Is a miniature donkey the perfect pet for you? 0 341

Often overlooked in a world of unusual pets you don’t need to live on a farm to home a miniature donkey. With their adorable size and gentle nature, mini donkeys are an ideal pet for families with children. Mini donkeys, however, can be as stubborn and as big of a commitment as children can be. With the ability to form lifelong bonds with their owners, mini donkeys are a rewarding unusual pet.

Is a mini donkey right for me?

Donkeys and horses ascended from the same ancestors but millions of years of adaption later has caused them to be two very different creatures. Miniature donkeys are widely found to be very sweet-natured but also very stubborn, your donkey will have a personality of its own and may need training to ensure its good behaviour.
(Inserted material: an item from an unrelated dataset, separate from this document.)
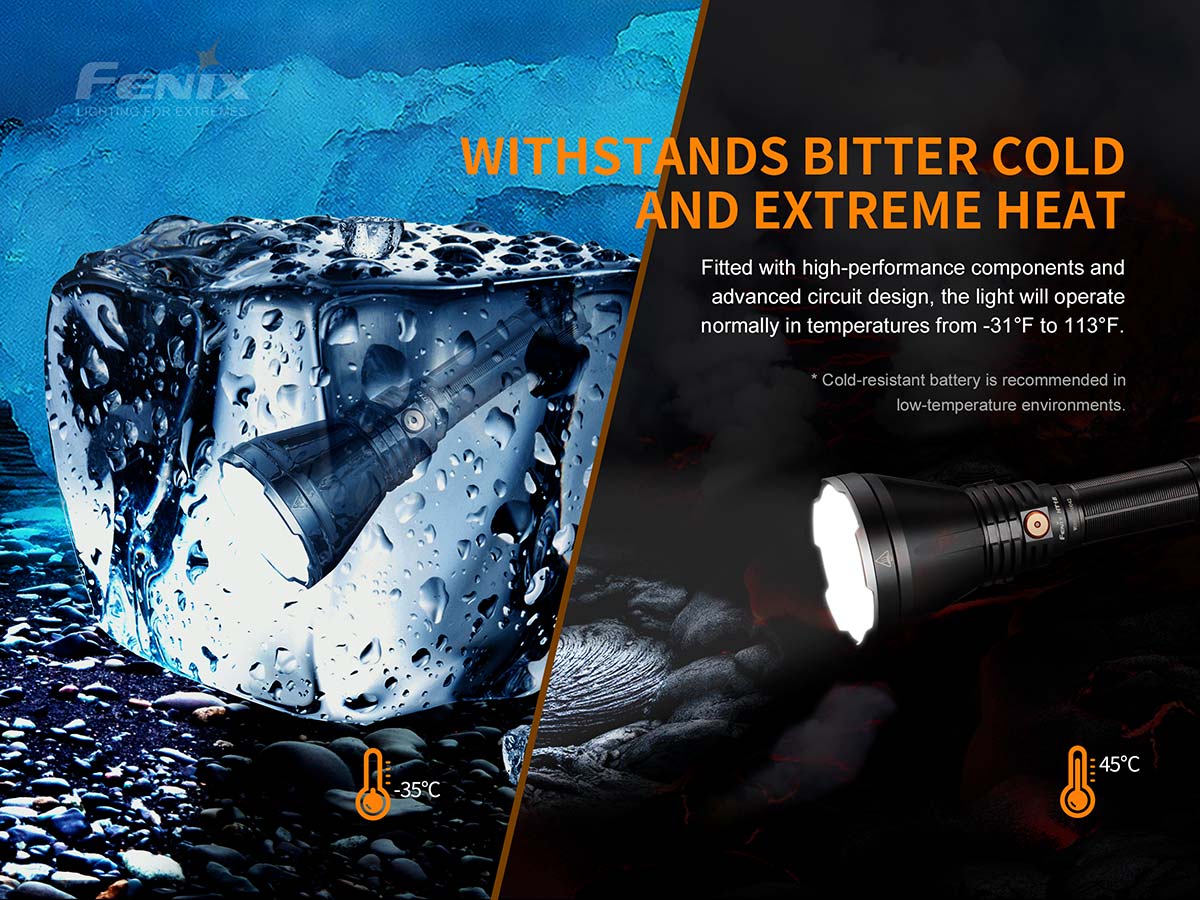 Fenix Handheld Hunting Flashlight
For mini donkey pet advice, consult with a vet and make sure to do thorough research.

What to consider

No doubt thanks to Eeyore, donkey’s have a reputation for being solitary and unintelligent, this is however not the case. Miniature donkeys require mental stimulation and companionship, so before investing in your miniature donkey consider the time, affection and important pet care that will go into caring for your mini donkey. Donkeys have excellent memories and love affection, so they will remember every hug and pet!

Give your donkey a happy home

Miniature donkeys do not enjoy adverse weather conditions and require access to shelter 24 hours a day, and access to a water trough 24 hours a day. Miniature donkeys can become overweight very quickly which can cause multiple health conditions so your donkey must have regulated access to pasture or carefully weighed amounts of hay to keep them happy and healthy!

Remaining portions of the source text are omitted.